Using images of poverty, child labor, and deforestation to try to convince consumers to favor sustainable agriculture and to pay for sustainable products such as coffee and cocoa may backfire altogether because, first, it encloses the risk of framing the growers of these products as mostly unsustainable and therefore turning consumers away from them and, second, it may create a relationship of charity and dependence – “I only buy to help” – that perpetuates poverty and unsustainable practices. Reality is that these products are mostly grown by farmers who naturally and intrinsically share sustainability values but sometimes lack either the knowledge or the means to grow them in a sustainable way. What sustainability codes and platforms propose is to create awareness, to disseminate knowledge and to supply the means “to raise the bar” and to promote permanent improvement to ensure future production in a more challenging world with more people and fewer natural resources available per capita. Practices that were acceptable in the past are no longer so now because of better scientific knowledge of how they may affect our future. Of course sustainability codes condemn child labor, deforestation and other bad practices but this is not to say that these practices are the norm. Much to the contrary they are the exception that should indeed be condemned.
The right, sound way to communicate sustainability is therefore positive and not negative, to present good management practices instead of exposing the exception of bad practices that may have stronger impact but also pose higher risks. The emphasis on good management practices goes beyond good agricultural practices because it includes social and environmental practices that transcend agriculture, e.g., preservation of the natural flora and paying fair wages. It is by communicating good management practices in the economic, social and environmental fields that sustainability must engage consumers concerned with the future of mankind. Sustainable management should be at the forefront of communication about sustainability and that inevitably includes technology. It is not by protecting, promoting and presenting old-fashioned inefficient production and management practices and systems that agricultures will play its role in a world that requires more production with the use of fewer resources.
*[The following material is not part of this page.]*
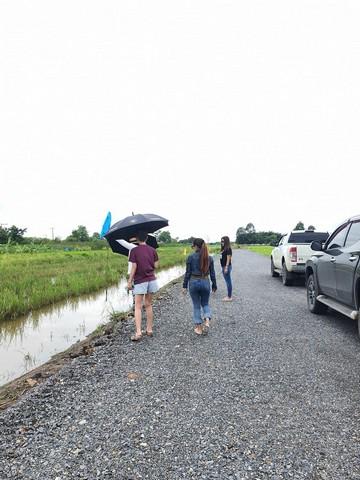 แบ่งแปลงที่ดินขาย คลอง11 หนองเสือ 100 ตรว. ใกล้ชุมชน สงบ ร่มรื่น เหมาะทำบ้านสวน 5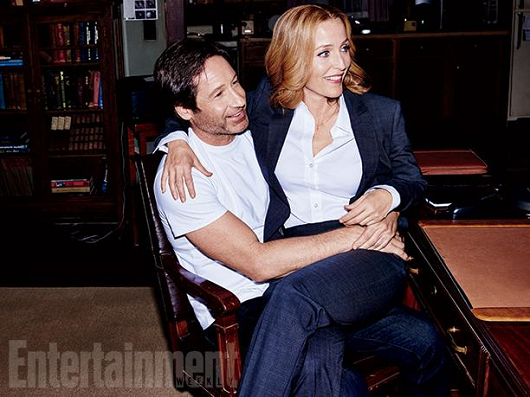 entertainment-weekly-david-gillian-001.png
Technology is often wrongly associated with large-scale farming. It is true that it is harder to develop technology for small growers but this is no to say that small farming should be condemned to use old-fashioned techniques. A farmer can be small and still use cutting edge technology because there is less and less room for labor intensive production. That is why contrary to what we see today technology should be an active part of communicating sustainability in opposition to a romantic view of farming as an old-fashioned labor intensive activity. If sustainability is to be positioned as and associated with efficiency and not charity, good management practices and modern technology must be at the core of the message to consumer. The challenge for marketing is to sell things the way they are or should be and not the way it is easier for consumers to be impressed… and deceived!